Rule 12(b)(6) of the Federal Rules of Civil Procedure provides that a defendant may make a motion to dismiss a complaint for "failure to state a claim upon which relief can be granted." Fed. R. Civ. P. 12(b)(6). On a motion to dismiss under Rule 12(b)(6), the court accepts as true all well-pleaded factual allegations and draws all reasonable inferences in the plaintiff's favor. See Dangler v. New York City Off Track Betting Corp., 193 F.3d 130, 138 (2d Cir. 1999). In Bell Atlantic Corp. v. Twombly, the Supreme Court retired the standard set forth half a century ago in Conley v. Gibson, that a complaint should not be dismissed "unless it appears beyond doubt that the plaintiff can prove no set of facts in support of his claim which would entitle him to relief," in favor of the requirement that plaintiff plead enough facts to "state a claim to relief that is plausible on its face." Bell Atlantic, 550 U.S. 544, 561 (2007) (quoting Conley, 355 U.S. 41, 45-46 (1957)). Under Bell Atlantic, in order to be facially plausible, a complaint cannot make merely "a formulaic recitation of the elements of a cause of action," but must allege facts that "raise a right of relief above the speculative level on the assumption that all allegations in the complaint are true (even if doubtful in fact)." Id. at 555 (citations omitted). The Second Circuit has interpreted the foregoing language to "requir[e] a flexible 'plausibility standard,' which obliges a pleader to amplify a claim with some factual allegations in those contexts where such amplification is needed to render the claim plausible," rather than to mandate a "universal standard of heightened fact pleading." Iqbal v. Hasty, 490 F.3d 143, 157-58 (2d Cir. 2007).

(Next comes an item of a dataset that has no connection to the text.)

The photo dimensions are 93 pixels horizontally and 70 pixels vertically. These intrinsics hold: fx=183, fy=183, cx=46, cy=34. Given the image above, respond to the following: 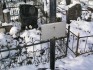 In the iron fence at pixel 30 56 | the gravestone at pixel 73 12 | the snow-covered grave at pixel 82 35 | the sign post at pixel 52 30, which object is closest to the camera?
the sign post at pixel 52 30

When material outside the complaint is "presented to and not excluded by the court, the motion must be treated as one for summary judgment... and all parties must be given a reasonable opportunity to present all the material that is pertinent to the motion." Fed. R. Civ. P. 12(d). For the purposes of this rule, however, the complaint is deemed to include writings and documents attached to the complaint, referenced in the complaint, or integral to the complaint. See Chambers v. Time Warner, Inc., 282 F.3d 147, 152-53 (2d Cir. 2002); Fed. R. Civ. P. 10(c). A document is "integral" to the complaint where "the complaint relies heavily upon its terms and effects." Chambers, 282 F.3d at 153 (citations omitted). "A plaintiff's reliance on the terms and effect of a document in drafting the complaint is a necessary prerequisite to the court's consideration of the document on a dismissal motion; mere notice or possession is not enough." Id. (emphasis in original).


A. Civil RICO ...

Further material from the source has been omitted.